Over the period of more than one hundred years, beaded and feathered headdresses and masks have been used by possession cult adepts among Tabwa, eastern Luba, Bemba and other closely related peoples of southeastern Zaire.1 Some masks are crudely made with pieces of leather and only a few beads, while others are more colorful and majestic. The exhibition will focus on masks of the Maasai and Tabwa, which appear to be few in number and have yet to be the direct subject of field study.
The Tabwa live along the shores of Lake Tanganyika which borders Zambia and Zaire on the West, and Tanzania on the East. The facial masks are decorated with multicolored beadwork, fabric, thread,and sometimes fur (beads were used as a means for trade).
Functioning as a religious "impersonation of mythical human beings or their animal counterparts," the mask in performance serves as a reinactment of the acquisition of the critical ritual.2 The person wearing the mask, often "becomes an animated but hidden vehicle for meta-human, spiritual expression."3 Isosceles triangles and spirals are common in Tabwa iconography, and allow one to situate this mask in a broader field of cosmological representation.

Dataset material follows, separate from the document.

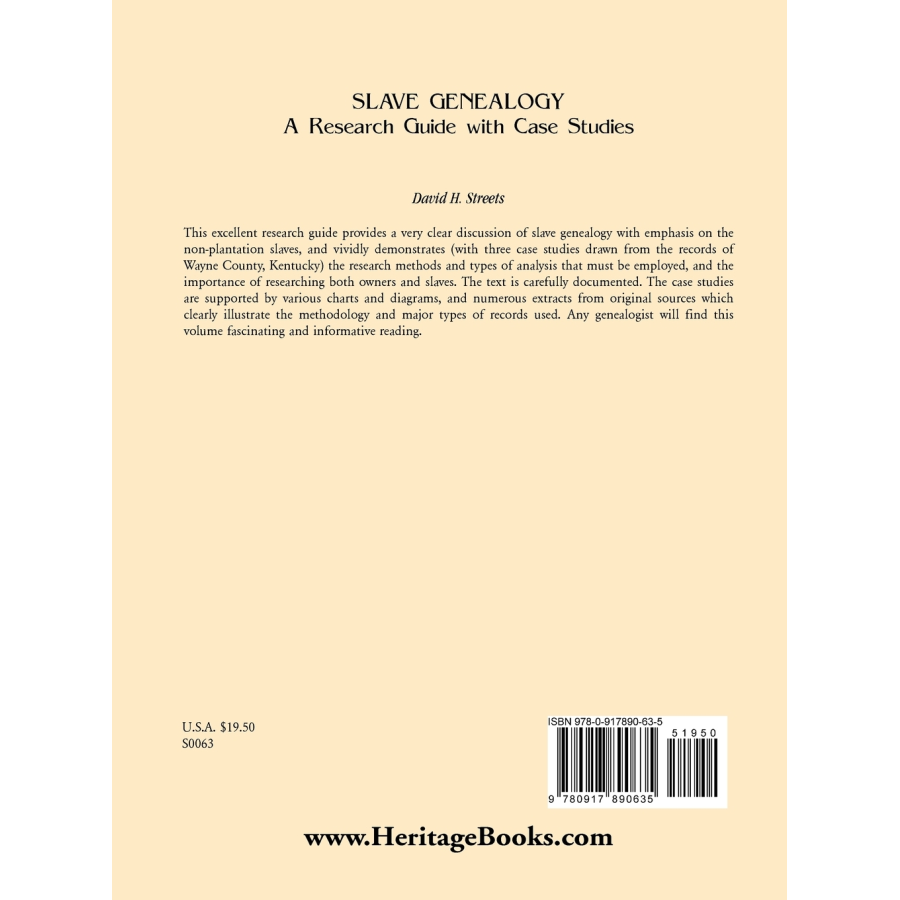 Slave Genealogy: A Research Guide with Case Studies back cover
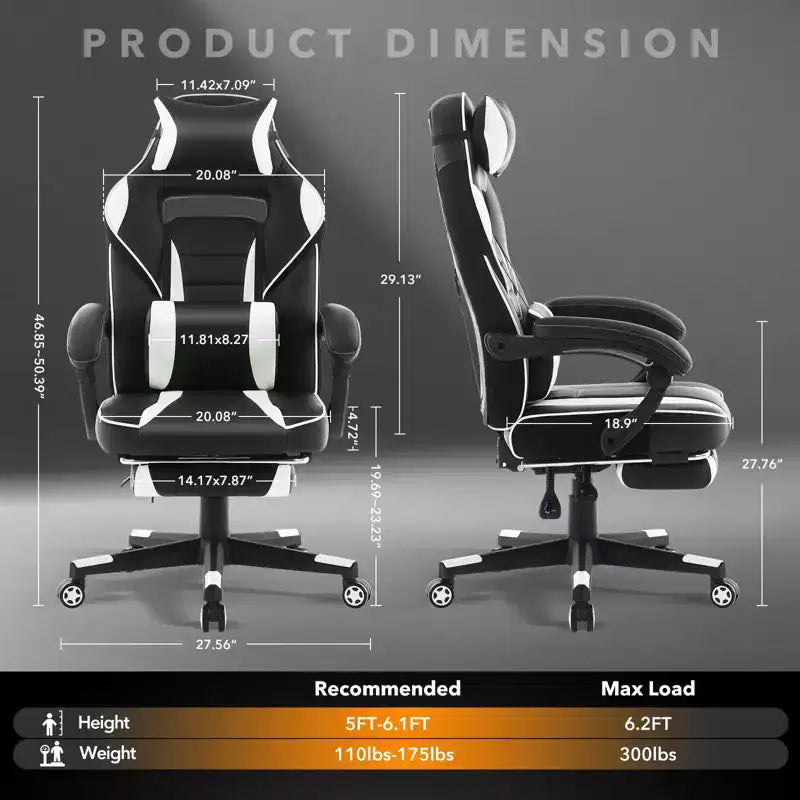 Big and Tall Office Chair, High Back Leather Gaming Chair with Footrest, Ergonomic Computer Chair with/Lumbar Support & Headrest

Matthew Monahan´s drawings and masks explore the body´s desire to be free and the notion of a body addicted to escaping itself. Some of the drawings are larger than life and are installed into corners. In others, Monahan´s figures wear paper masks. The human image is not captured by modelled surfaces but emerges from bristling notations and nervous systems that overlap and short circuit. Monahan calls his drawings "psychographies", in that he attempts to map out sensations and to diagram perception; he does not draw with dead lines. Instead, he draws with life lines charged with energy and movement held in the form of a body.
The viewer might recognize the underlying theme between these two divergent bodies of work. Monahan, a young artist, and these African tribes that have been making masks for centuries, share a sensibilty.
1Allen F. Roberts. "Tabwa Masks: An Old Trick of the Human Race," African Arts Magazine, April 1990, vol. XXIII, number 2, p. 39.